= Listed entries =
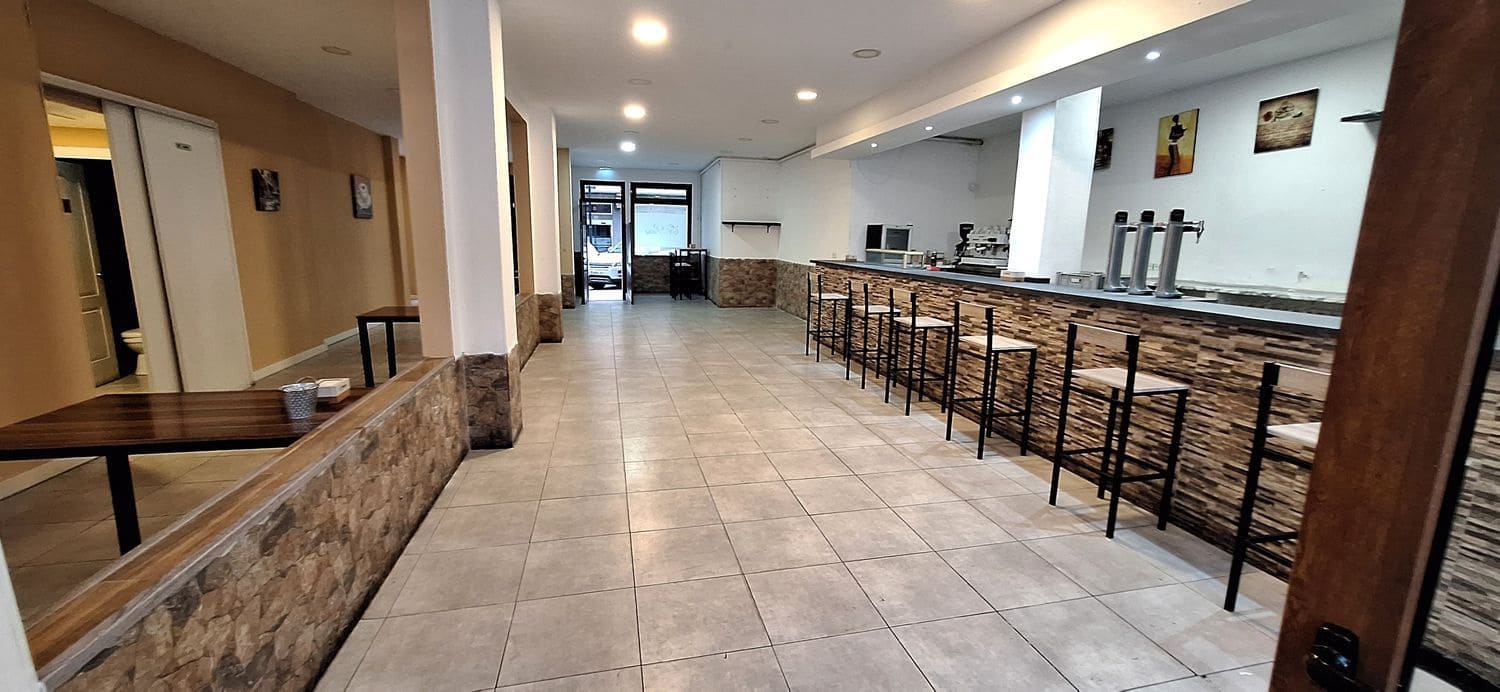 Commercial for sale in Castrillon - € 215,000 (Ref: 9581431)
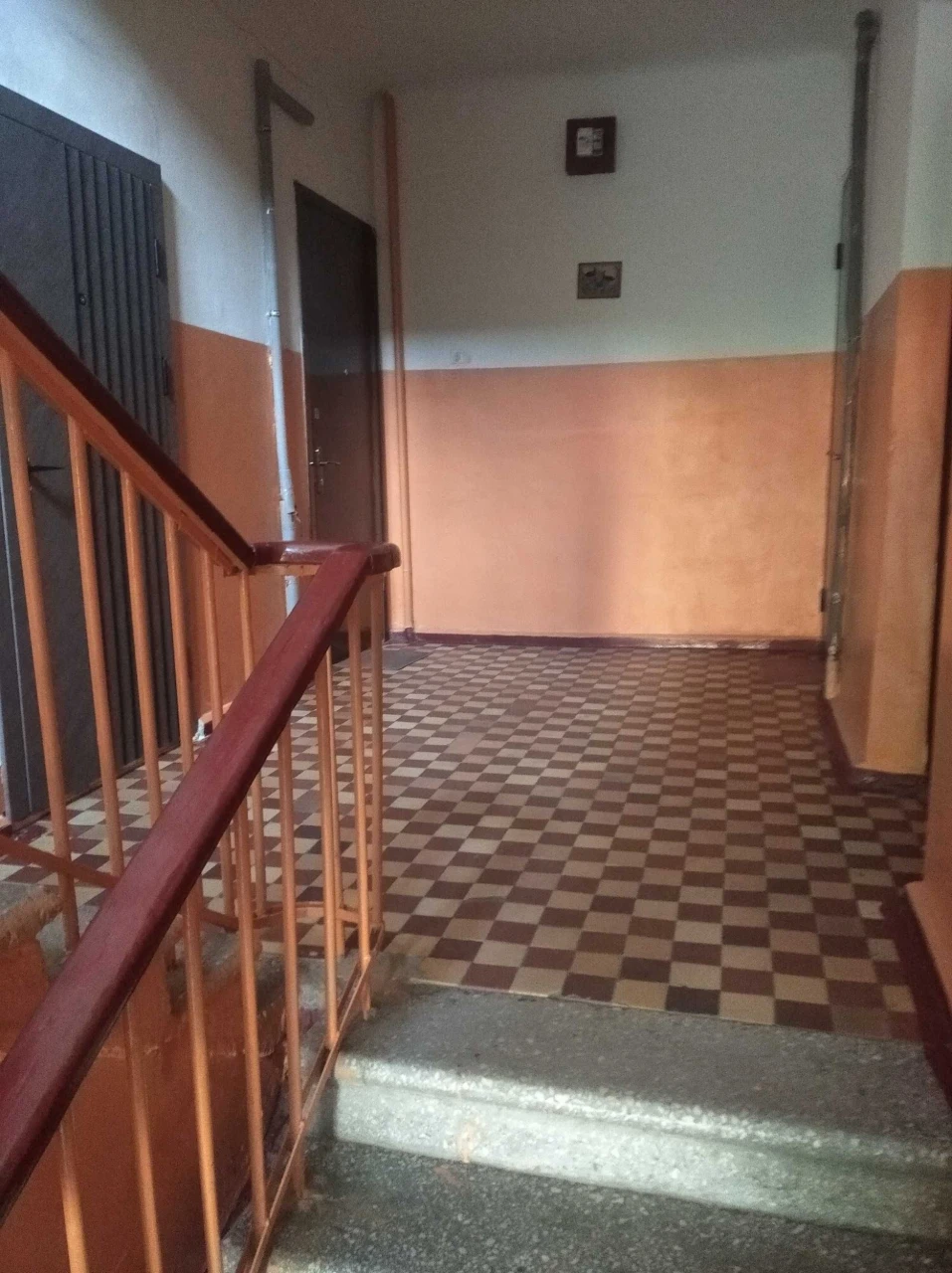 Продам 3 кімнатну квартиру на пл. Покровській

==

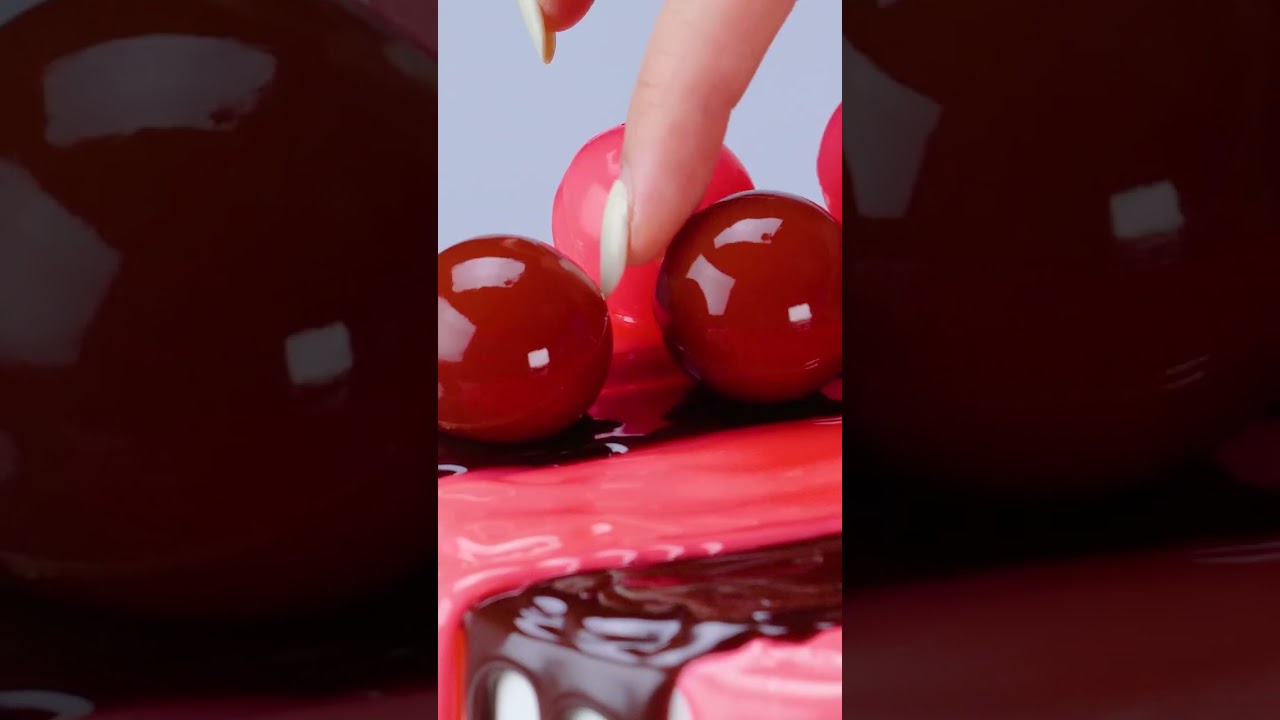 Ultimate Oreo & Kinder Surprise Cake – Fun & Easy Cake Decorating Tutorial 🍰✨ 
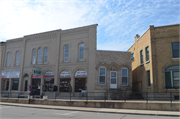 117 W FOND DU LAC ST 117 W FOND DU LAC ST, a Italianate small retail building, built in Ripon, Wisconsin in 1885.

= Required work =
Reproduce the entries exactly, from the line with "Commercial for sale" to the line with "Продам 3 кімнатну", both lines included, keeping no pictures.

= Expected answer =
 Commercial for sale in Castrillon - € 215,000 (Ref: 9581431)
 Продам 3 кімнатну квартиру на пл. Покровській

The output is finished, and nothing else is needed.